Als ADHS- Betroffener hatte ich lange Zeit große Probleme damit mich selbst zu regulieren. Gleichzeitig hatte ich eine Mutter, die mich emotional bestrafte, wenn ich den Anforderungen nicht gerecht wurde, die sie an mich stellte. (Wie denn auch, ohne Rückenstärkung?!?) 

Folglich war meine erste große Therapieausbildung die zum Entspannungstherapeuten. Neben Progressiver Muskelentspannung und autogenem Training lernte ich auch die Techniken der Klangschalenmassage. Die Schwingungen der unterschiedlichen Klangschalen, helfen dem überlastetem Nervensystem sehr gut dabei sich zu entspannen. 

Daraufhin machte ich meine erste Traumaausbildung. Einerseits lernte ich die Psychodynamisch imaginative Traumatherapie von Marie Luise Reddemann kennen, als auch Methoden der somatischen Selbstregulation. Zudem habe ich mich zum Therapeuten in der Yager- Therapie sowie im EMDR ausbilden lassen. 

Schematherapie, NLP und Familientherapie nach dem Gordon Modell runden mein Spektrum an Methoden ab.  Als Therapeut für Neurodiversität und Traumafolgestörungen sehe ich mich mit diesem Portofolio gut gewappnet. 

Hochsensibel oder Aufmerksamkeitsgestört?

Um dir bestmöglichst helfen zu können, ist eine Diagnostik teilweise unentbehrlich. Jedoch nur, wenn du aufgrund deines Leidens erhebliche berufliche Einschränkungen hast oder du ständig in unglücklichen Beziehungen landest, in denen du dich häufiger wütend, verletzt oder emotional erpresst fühlst. 

Wenn du dazu neigst deine Emotionen runter zu schlucken, zu erahnen welche Gefühle dein Partner hat und dabei deine eigenen Bedürfnisse vernachlässigst, könntest du hochsensibel sein und ggf. sogar traumatisiert. Dann könnte dir SchematherapieTraumatherapie und speziell die Yager- Therapie helfen.  
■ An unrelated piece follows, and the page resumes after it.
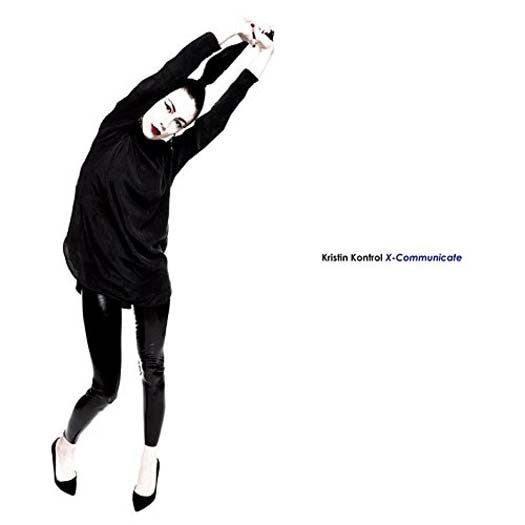 Kristin Kontrol X-Communicate Vinyl LP Indies Edition 2016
Sollten auch noch Konzentrationsschwierigkeiten dazu kommen, du häufiger etwas vergisst, du aufgrund deiner Schusseligkeit zu Unfällen neigst oder es dir schwer fällt, ruhig zu bleiben, du also häufiger angespannt bist und am liebsten weglaufen möchtest, könnte es sich auch um eine ADHS handeln. In dem Fall hilft neben der Schematherapie und EMDR auch noch die Rational Emotive Therapie, welche ich ebenso anbiete. Darüber hinaus könnte dir eine pharmakologische Therapie kurzzeitig helfen. 

Um dies abzuklären und sofern du tatsächlich den Verdacht hast, es könnte eine ADHS bei dir vorliegen, biete ich in Zusammenarbeit mit dem Bremer Facharzt für Psychiatrie Dr. Michael Eberhardt eine umfangreiche ADHS Diagnostik an. Ich orientiere mich dabei preislich am untersten Ende dessen, was die gesetzlichen Krankenkasen bezahlen. Das heißt, für 6 Stunden Testpsychologische Diagnostik, Auswertung und Befunderhebung bezahlst du 535,00€. 

Dein Vorteil wäre, dass du dann gleich einen behandelnden Psychiater hättest und du nicht noch monatelang auf einen Termin warten musst. Für Patienten die mit einer ADHS- Diagnose durch meine Praxis an ihn weiter geleitet werden, hält Dr. Eberhardt einige Behandlungsplätze frei.